Tonya Harding, Piers Morgan

Jordan Strauss/Invision/AP/REX/Shutterstock; Ken Mckay/Rex Shutterstock via ZUMA Press

Tonya Harding nearly walked off the show Good Morning Britain after getting into a heated discussion with Piers Morgan.

Harding has been conducting several interviews with various news outlets following the release of I, Tonya—a film that recounts the famous attack on Nancy Kerrigan that resulted in Harding's ban from U.S. figure skating.

During Monday's episode of the morning show, Morgan accused Harding of now trying to play the victim by telling her side of the story.

"Maybe it suits you to play the victim," he said, "but I think the victim in all of this wasn't you. It was Nancy Kerrigan who had her Olympic dream shattered quite literally in her legs."

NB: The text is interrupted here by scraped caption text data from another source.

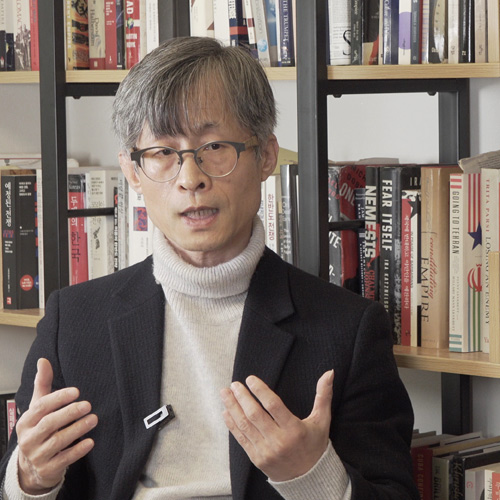 “거대한 변화의 시기, 판을 읽어내려는 노력이 필요”『예정된 위기』안병진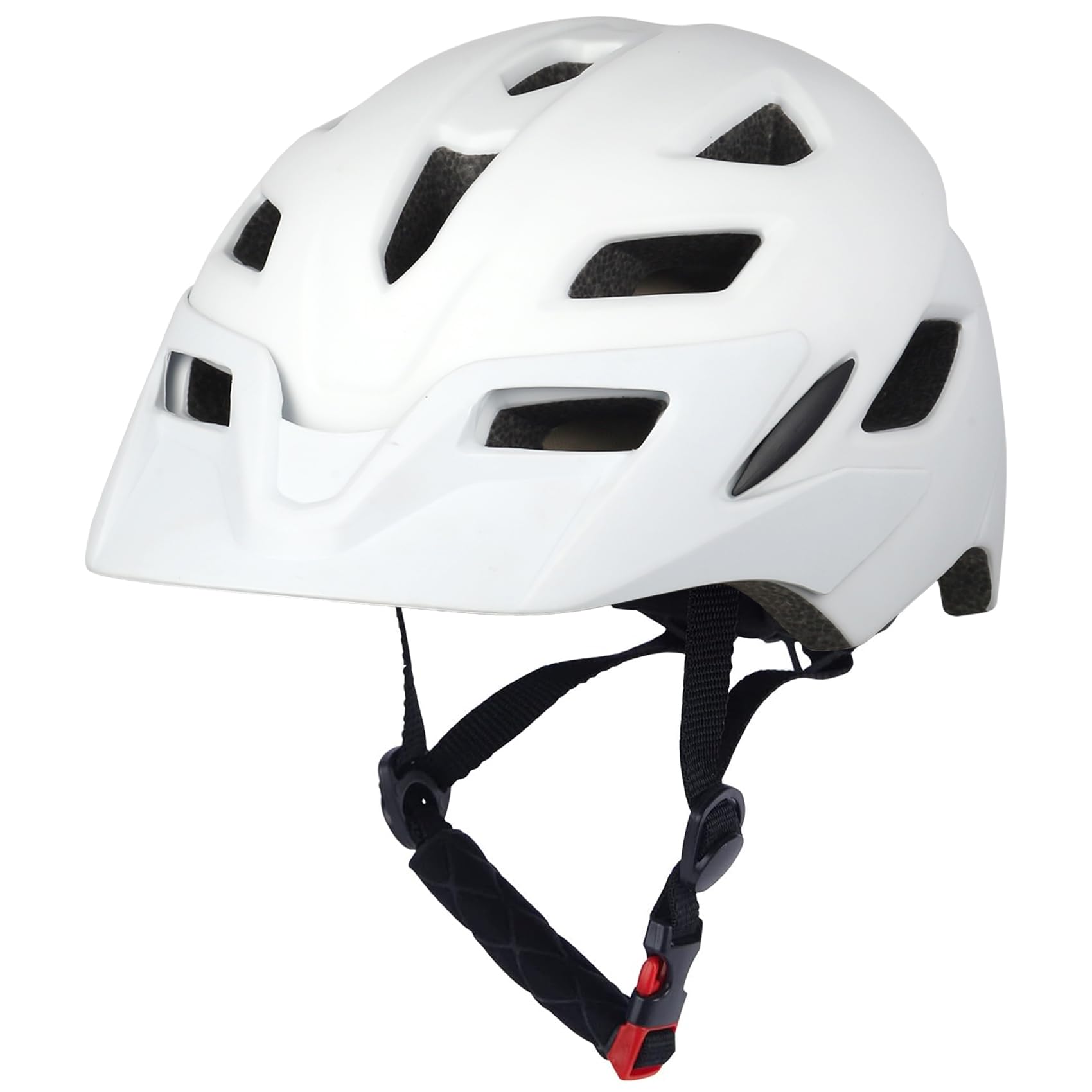 Capacete De Bicicleta Bilaki Kids Ajustável De 3 A 14 Anos 50-57 Cm Com Viseira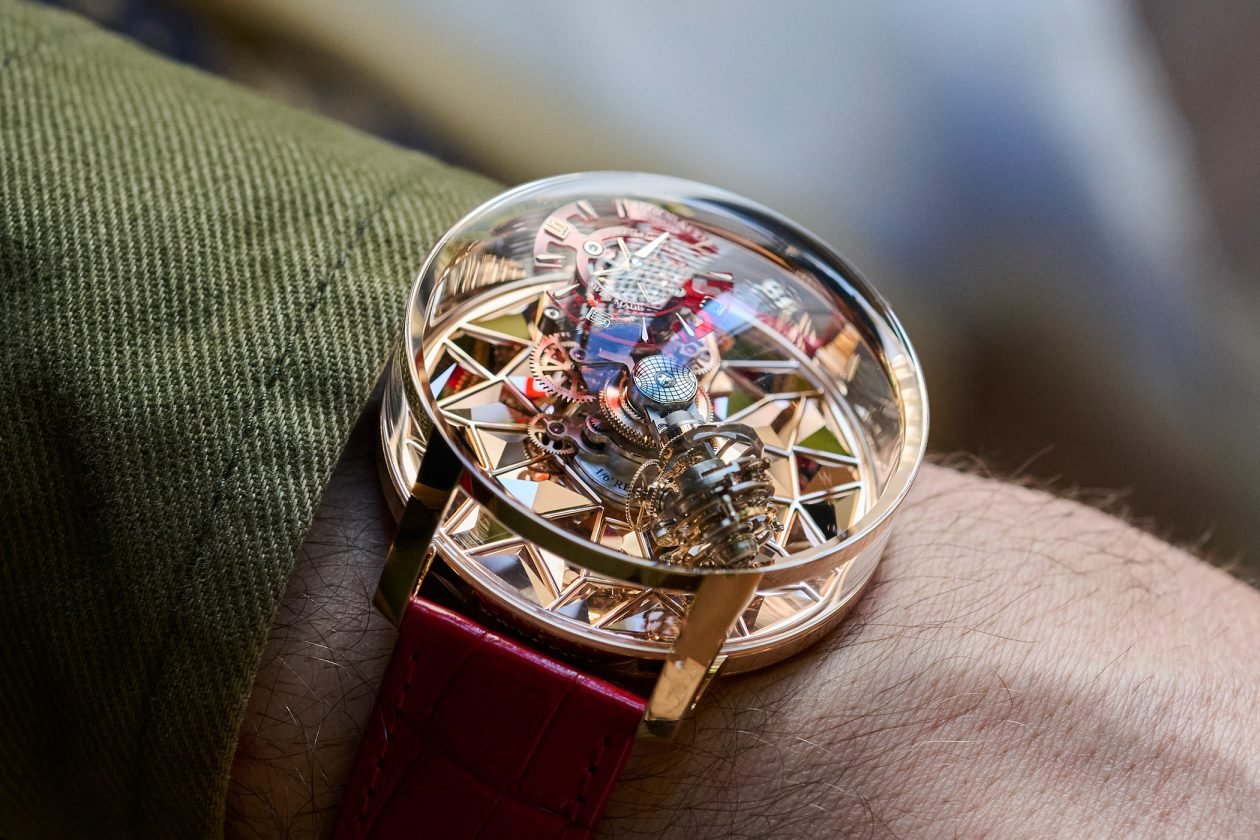 Jacob & Co. Astronomia Revolution Four-Axis Tourbillon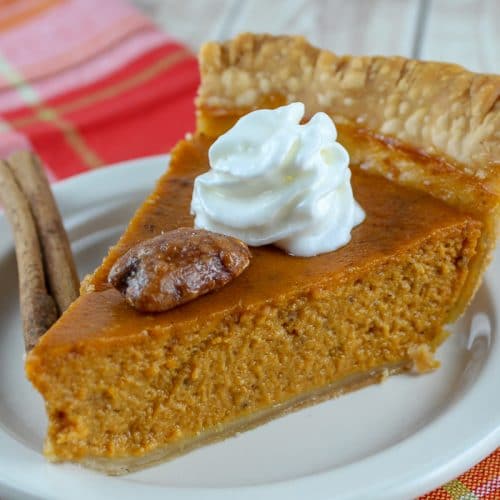 Mom's Pumpkin Pie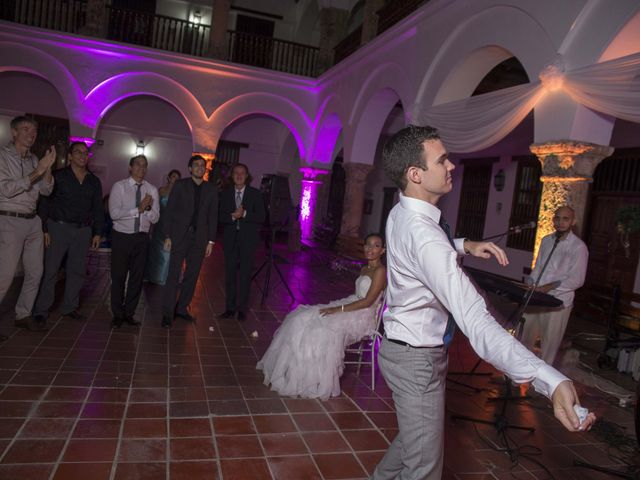 El matrimonio de Thibault y Diana en Cartagena, Bolívar 83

Harding then responded, "Thank you so much. I appreciate being on your show, but I think I'm going to have to say have a good night."

After Morgan questioned her decision to end the interview, Harding said she hadn't been allowed to finish her response and proceeded to make her point.

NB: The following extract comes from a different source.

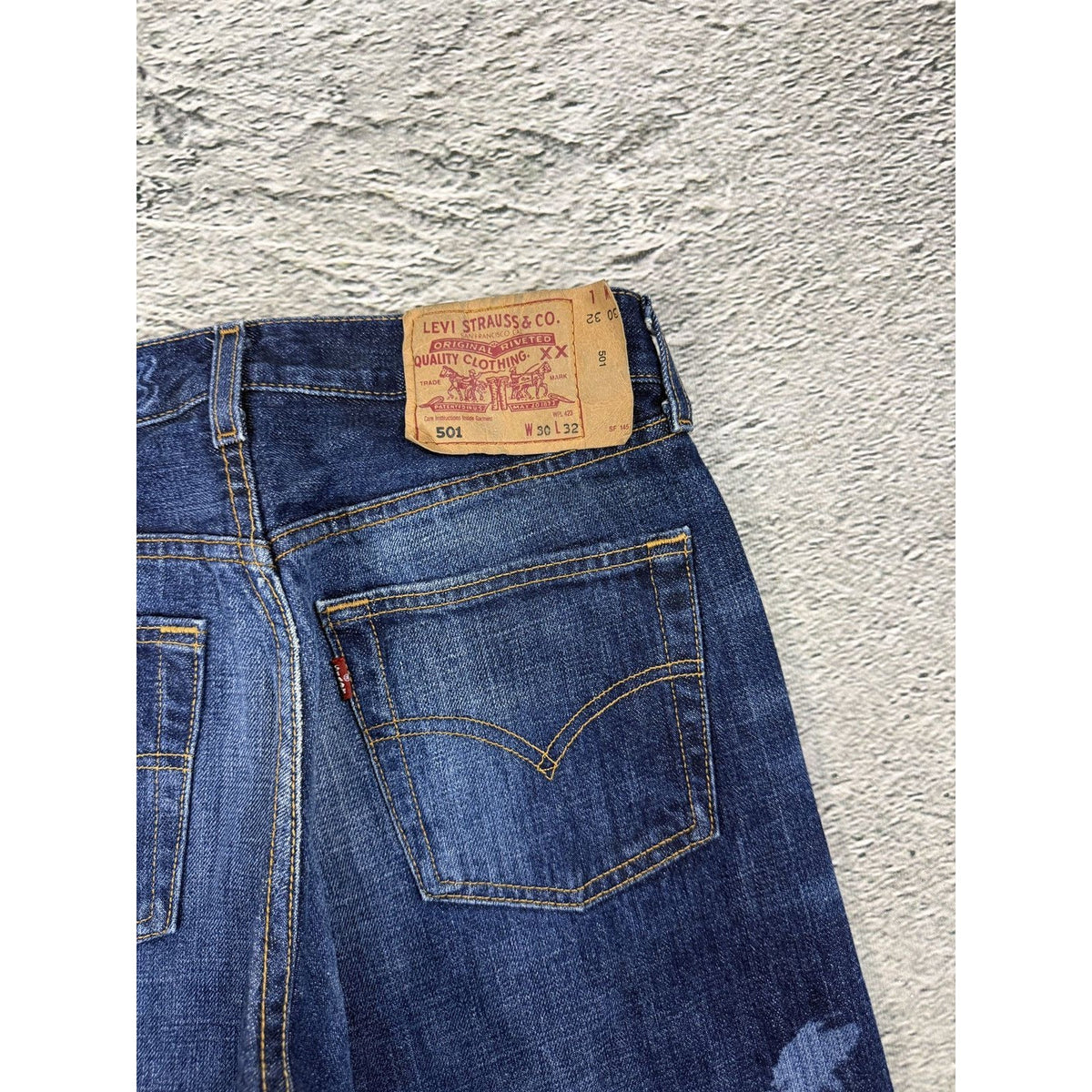Levi's 501 130th Anniversary Limited Edition Yuma Jeans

"I think that many people are the victims of abuse every single day and can't stand up for themselves," she said. "People need to be able to understand that we need to stand united and that abuse should not be happening anymore. We all know this." 

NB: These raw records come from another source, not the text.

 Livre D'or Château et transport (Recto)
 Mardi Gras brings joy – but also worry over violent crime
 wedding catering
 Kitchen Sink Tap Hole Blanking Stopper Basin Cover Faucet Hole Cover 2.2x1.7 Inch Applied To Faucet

Morgan then said Kerrigan was the one who suffered the abuse. 

"Yes, she was," Harding agreed. "But you also have to realize that there's a lot of things going on. People don't seem to understand what I was going through, so that's why I decided to do this movie."

Before ending the interview, Morgan asked Harding if she knew the attack was going to happen all those years ago.

"No, I did not know anything prior," she said. "I did find out after the fact." She also said she had "no knowledge prior."

Harding also spoke about her level of knowledge of the attack to Good Morning America. During the interview, she denied being a part of her ex-husband Jeff Gillooly's and his accomplice Shawn Eckardt's plans to hurt Kerrigan. However, she said she overheard them talking a few months before the incident.

"I did, however, overhear them talking about stuff where, ‘Well, maybe we should take somebody out so we can make sure she gets on the team,'" Harding told ABC News' Amy Robach in a sneak peek of the interview, "and I remember telling them, ‘What the hell are you talking about? I can skate.'"

I, Tonya has received high praise. Allison Janney recently won a Golden Globe Award for Best Supporting Actress in a Motion Picture for her role as Tonya's mother LaVona Golden.

During an interview with E! News' Jason Kennedy, Janney said Harding's story "is not as simple as what we first thought it was, what we were told to believe in the headlines about her."

"She was up against a lot, and I think she did accomplish an incredible feat as an athlete," she said. "I think she had some questionable people in her life....I don't think we exonerate her exactly but you just have compassion for her."